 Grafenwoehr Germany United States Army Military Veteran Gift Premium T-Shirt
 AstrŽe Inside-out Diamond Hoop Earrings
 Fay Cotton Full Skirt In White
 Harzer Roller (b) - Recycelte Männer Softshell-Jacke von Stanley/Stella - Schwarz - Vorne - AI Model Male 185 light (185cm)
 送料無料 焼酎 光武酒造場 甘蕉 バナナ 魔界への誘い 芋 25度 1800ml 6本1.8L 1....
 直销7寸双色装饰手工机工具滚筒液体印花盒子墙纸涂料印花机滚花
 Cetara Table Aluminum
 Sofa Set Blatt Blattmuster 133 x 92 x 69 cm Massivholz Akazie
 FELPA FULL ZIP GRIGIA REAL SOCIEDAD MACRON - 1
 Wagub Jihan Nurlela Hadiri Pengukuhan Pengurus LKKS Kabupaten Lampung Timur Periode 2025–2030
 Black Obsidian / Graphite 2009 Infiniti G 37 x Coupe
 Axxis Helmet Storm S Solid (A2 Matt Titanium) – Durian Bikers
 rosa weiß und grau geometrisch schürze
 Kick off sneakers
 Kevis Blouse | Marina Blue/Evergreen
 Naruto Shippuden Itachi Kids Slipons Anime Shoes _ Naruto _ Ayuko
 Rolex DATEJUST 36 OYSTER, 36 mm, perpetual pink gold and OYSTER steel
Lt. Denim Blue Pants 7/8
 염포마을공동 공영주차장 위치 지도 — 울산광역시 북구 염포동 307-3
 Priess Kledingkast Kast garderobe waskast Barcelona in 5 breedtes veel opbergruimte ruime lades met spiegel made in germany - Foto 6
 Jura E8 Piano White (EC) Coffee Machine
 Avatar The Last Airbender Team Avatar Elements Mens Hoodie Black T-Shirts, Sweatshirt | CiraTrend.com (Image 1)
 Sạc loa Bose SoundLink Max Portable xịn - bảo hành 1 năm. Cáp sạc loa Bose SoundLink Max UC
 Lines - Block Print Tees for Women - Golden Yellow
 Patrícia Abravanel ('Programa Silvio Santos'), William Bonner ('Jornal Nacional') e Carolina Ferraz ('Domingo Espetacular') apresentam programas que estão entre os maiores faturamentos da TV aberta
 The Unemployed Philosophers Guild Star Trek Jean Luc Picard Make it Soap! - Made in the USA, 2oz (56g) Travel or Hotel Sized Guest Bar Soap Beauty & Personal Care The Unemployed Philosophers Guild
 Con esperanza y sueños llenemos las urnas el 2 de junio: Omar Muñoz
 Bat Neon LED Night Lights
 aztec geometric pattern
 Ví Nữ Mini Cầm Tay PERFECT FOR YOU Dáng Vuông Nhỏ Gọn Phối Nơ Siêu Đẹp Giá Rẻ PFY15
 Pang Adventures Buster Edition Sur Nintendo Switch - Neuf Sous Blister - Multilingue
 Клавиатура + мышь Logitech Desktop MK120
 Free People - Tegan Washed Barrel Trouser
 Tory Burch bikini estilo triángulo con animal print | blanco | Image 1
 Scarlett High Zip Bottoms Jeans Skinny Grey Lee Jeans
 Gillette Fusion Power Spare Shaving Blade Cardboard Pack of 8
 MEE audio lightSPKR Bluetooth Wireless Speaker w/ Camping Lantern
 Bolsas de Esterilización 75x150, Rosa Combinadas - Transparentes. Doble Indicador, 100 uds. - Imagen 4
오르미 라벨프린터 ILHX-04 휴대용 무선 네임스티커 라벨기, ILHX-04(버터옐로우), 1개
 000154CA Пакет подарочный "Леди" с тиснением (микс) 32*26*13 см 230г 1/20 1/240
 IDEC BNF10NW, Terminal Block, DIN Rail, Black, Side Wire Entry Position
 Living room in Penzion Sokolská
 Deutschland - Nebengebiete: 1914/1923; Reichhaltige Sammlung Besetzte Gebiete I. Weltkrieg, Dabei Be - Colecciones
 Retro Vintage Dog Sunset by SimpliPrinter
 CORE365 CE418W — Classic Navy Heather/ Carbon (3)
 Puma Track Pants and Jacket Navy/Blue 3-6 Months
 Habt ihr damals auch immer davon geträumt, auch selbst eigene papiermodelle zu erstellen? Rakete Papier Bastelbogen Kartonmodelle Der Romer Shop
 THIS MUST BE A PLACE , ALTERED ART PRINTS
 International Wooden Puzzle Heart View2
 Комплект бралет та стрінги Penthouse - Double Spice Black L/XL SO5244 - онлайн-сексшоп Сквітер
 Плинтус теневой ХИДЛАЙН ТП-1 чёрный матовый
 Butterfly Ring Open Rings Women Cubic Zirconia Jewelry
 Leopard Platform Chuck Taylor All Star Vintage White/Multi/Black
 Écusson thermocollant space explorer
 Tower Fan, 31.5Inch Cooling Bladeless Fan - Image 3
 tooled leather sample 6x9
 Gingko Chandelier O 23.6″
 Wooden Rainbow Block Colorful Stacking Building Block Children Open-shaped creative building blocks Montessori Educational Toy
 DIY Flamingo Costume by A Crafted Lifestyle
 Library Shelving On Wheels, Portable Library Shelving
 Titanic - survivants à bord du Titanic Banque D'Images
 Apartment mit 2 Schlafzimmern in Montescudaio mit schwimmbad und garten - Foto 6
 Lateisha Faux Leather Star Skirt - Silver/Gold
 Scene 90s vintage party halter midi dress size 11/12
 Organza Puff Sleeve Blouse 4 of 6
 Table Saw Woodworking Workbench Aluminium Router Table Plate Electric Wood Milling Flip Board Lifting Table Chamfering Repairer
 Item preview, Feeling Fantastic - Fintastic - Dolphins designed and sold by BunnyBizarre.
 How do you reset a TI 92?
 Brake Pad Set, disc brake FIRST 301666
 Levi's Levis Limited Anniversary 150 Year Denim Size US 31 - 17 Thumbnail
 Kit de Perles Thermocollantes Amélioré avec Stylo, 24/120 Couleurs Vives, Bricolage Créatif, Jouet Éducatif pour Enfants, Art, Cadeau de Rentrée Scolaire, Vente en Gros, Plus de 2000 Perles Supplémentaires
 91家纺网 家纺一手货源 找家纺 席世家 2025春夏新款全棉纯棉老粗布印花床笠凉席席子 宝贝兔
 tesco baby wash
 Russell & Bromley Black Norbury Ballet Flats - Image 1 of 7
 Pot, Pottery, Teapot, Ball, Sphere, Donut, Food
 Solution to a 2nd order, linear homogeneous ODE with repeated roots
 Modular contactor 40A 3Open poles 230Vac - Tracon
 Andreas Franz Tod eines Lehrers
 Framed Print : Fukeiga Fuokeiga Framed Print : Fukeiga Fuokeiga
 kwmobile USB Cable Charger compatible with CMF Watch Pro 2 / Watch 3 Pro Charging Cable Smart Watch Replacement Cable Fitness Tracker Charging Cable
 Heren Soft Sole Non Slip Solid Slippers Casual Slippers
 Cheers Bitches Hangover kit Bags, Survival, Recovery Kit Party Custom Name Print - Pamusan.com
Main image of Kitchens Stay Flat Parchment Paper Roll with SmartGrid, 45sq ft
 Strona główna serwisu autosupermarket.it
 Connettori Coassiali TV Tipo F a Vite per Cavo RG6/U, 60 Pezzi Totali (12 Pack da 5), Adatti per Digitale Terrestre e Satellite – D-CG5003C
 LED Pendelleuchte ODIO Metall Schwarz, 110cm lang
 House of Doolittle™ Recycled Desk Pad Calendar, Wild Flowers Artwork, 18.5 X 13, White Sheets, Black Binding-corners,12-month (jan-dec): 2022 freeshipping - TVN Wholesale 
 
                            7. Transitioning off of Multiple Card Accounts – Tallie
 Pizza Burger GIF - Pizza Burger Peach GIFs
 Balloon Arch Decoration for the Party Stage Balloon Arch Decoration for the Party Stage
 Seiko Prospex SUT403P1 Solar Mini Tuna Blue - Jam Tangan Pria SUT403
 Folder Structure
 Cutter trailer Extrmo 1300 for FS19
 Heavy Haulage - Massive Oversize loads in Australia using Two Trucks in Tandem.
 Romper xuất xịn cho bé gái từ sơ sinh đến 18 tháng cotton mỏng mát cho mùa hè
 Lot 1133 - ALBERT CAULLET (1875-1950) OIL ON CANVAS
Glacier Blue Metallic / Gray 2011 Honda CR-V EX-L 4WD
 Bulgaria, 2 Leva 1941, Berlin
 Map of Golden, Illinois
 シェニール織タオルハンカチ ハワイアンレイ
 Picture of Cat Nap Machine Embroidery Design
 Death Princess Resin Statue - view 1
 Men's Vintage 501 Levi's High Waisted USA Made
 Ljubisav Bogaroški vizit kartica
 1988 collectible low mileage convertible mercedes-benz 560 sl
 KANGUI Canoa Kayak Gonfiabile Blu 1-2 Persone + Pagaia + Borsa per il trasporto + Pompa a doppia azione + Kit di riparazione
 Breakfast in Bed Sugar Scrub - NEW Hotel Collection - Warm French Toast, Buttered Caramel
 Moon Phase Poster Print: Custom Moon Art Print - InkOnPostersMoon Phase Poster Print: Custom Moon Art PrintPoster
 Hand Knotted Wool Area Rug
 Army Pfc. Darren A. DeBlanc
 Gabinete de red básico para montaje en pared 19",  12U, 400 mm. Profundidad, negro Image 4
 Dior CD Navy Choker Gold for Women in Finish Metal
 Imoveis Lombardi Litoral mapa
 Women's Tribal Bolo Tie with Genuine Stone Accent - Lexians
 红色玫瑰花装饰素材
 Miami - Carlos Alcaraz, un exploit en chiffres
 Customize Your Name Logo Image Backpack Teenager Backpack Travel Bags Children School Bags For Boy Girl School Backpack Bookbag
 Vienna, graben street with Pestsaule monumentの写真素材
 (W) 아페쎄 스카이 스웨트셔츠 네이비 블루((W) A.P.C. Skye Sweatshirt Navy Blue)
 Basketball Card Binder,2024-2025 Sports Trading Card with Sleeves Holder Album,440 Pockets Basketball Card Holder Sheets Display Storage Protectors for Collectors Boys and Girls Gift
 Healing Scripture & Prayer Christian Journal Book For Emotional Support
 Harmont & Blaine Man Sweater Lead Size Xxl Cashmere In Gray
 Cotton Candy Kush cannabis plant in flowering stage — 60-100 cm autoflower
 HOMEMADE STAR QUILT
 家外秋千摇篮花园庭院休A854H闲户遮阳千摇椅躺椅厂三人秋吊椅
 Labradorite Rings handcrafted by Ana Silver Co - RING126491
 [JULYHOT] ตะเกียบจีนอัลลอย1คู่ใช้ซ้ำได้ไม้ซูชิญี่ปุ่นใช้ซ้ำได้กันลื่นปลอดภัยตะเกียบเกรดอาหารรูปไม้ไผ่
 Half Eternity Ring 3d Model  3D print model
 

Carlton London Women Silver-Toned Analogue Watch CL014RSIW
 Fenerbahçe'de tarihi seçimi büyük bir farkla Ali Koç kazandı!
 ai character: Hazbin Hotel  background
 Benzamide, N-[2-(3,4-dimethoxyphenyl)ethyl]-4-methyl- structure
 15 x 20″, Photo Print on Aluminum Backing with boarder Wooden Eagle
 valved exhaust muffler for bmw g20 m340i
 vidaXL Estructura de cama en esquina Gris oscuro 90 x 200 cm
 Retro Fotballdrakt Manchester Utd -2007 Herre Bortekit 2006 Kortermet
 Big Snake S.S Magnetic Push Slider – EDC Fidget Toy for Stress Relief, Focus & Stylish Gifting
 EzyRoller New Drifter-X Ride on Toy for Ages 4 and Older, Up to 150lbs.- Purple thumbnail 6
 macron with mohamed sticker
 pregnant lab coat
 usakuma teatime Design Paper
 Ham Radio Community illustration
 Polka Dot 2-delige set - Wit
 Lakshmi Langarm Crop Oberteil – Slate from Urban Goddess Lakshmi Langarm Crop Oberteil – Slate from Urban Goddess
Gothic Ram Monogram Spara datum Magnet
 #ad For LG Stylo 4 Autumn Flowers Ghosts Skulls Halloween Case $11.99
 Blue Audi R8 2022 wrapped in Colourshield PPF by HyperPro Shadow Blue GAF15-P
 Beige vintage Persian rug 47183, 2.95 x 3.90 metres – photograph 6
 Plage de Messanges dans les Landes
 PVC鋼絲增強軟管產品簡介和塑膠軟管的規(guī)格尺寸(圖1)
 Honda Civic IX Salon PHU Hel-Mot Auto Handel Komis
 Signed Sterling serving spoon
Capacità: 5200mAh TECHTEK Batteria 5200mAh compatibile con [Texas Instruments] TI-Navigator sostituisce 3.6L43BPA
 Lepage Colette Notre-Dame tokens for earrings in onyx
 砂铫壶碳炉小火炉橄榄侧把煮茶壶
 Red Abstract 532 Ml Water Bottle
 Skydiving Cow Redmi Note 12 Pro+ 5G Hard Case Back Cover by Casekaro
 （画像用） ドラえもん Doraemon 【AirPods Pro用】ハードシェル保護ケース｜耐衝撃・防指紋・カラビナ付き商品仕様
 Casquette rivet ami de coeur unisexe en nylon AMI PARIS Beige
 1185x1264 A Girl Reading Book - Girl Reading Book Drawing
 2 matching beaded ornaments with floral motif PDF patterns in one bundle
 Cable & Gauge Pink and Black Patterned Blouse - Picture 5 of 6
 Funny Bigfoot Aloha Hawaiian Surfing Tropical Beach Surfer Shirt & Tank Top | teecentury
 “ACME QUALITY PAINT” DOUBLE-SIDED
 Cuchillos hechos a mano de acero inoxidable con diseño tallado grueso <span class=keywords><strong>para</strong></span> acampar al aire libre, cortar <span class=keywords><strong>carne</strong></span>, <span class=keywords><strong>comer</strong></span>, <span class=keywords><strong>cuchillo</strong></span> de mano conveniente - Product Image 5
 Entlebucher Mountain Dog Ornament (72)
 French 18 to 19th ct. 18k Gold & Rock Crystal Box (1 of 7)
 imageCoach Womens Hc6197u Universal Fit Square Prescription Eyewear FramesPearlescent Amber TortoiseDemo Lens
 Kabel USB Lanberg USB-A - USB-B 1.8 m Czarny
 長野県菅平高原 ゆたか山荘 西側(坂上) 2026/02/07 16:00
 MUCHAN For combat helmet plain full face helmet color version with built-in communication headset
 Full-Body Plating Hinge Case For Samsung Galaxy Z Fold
**********
Aim of the task ▸ Print only what lies in the material above starting at the line with "Tower Fan, 31.5Inch" and ending at the line with "Organza Puff Sleeve Blouse 4 of 6", every line exactly as given.

Task solution ▸
 Tower Fan, 31.5Inch Cooling Bladeless Fan - Image 3
 tooled leather sample 6x9
 Gingko Chandelier O 23.6″
 Wooden Rainbow Block Colorful Stacking Building Block Children Open-shaped creative building blocks Montessori Educational Toy
 DIY Flamingo Costume by A Crafted Lifestyle
 Library Shelving On Wheels, Portable Library Shelving
 Titanic - survivants à bord du Titanic Banque D'Images
 Apartment mit 2 Schlafzimmern in Montescudaio mit schwimmbad und garten - Foto 6
 Lateisha Faux Leather Star Skirt - Silver/Gold
 Scene 90s vintage party halter midi dress size 11/12
 Organza Puff Sleeve Blouse 4 of 6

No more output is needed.